Opinião/Informação:
Finalmente, os nomes e sobrenomes começam a aparecer. A recente decisão da Justiça de suspender editais ligados à BR-319 — que, segundo estudiosos, sequer contemplavam o asfaltamento definitivo — é mais um capítulo da novela de entraves impostos por entidades como o “Observatório do Clima”. Mas o que chama a atenção agora é a coragem de expor as digitais políticas dentro do próprio governo.
O jornalista Hiel Levy, profissional com trânsito e experiência de sobra por ter atuado nas principais esferas de poder do Amazonas, inclusive sendo secretário de comunicação do governo Eduardo Braga, trouxe uma manchete necessária: o atual cenário exige que o presidente da Assembleia Legislativa e governador em exercício, Roberto Cidade, “enquadre” ou exonere (eu exoneraria) o atual titular da Secretaria de Estado do Meio Ambiente (SEMA) que já está há quase 8 anos.
Não dá para ignorar os fatos. O atual secretário da SEMA é egresso da Fundação Amazonas Sustentável (FAS), uma organização que, na prática, parece ditar as regras da gestão pública ambiental há mais de doze anos. Estamos falando de ongueiros que vem desde Virgílio Viana, que deixou a secretaria de meio ambiente do governo Eduardo Braga para fundar a FAS, Hoje, o atual comando na SEMA é de Eduardo Taveira, que veio da FAS.
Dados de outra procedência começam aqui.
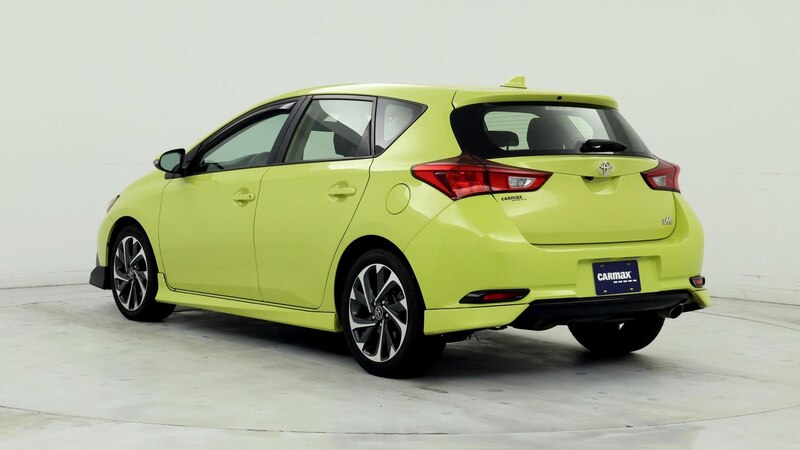 2018 Toyota Corolla iM  2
Temos, há mais de uma década, a área ambiental pública do Amazonas gerida por quem tem laços estreitos com a mesma ONG que é parceira da ONG que aciona a Justiça para travar o desenvolvimento do nosso estado. O resultado para quem vive no interior?
- ZEE (Zoneamento Ecológico-Econômico): Prometido e nunca entregue.
- Bolsa Floresta: Atrasado.
- REDD+ e Crédito de Carbono: Muita propaganda, mas zero centavo no bolso do caboclo que realmente preserva a floresta.
O Caboclo na Miséria
Enquanto recursos de instituições como o banco alemão KfW e as promessas de créditos de carbono são alvo de apurações pelo Ministério Público de Contas (MPC) e pelo Ministério Público Federal (MPF), o produtor rural e o ribeirinho continuam na miséria, assistindo a discursos sobre um “futuro sustentável” que nunca chega à mesa de quem tem fome.
É inadmissível que o Amazonas continue refém de visões externas que ignoram a realidade de quem sobrevive nos nossos 62 municípios. A BR-319 é a nossa artéria vital. Manter no comando da SEMA quem joga no time das ONGs que barram o reasfaltamento é, no mínimo, uma contradição que o povo do Amazonas não pode mais aceitar.
Já deu. O caboclo preservou, cumpriu sua parte e foi esquecido. Está na hora de o comando ambiental do estado voltar a pensar no ser humano que vive na floresta, e não apenas nos relatórios de quem ganha a vida “defendendo” o verde à distância.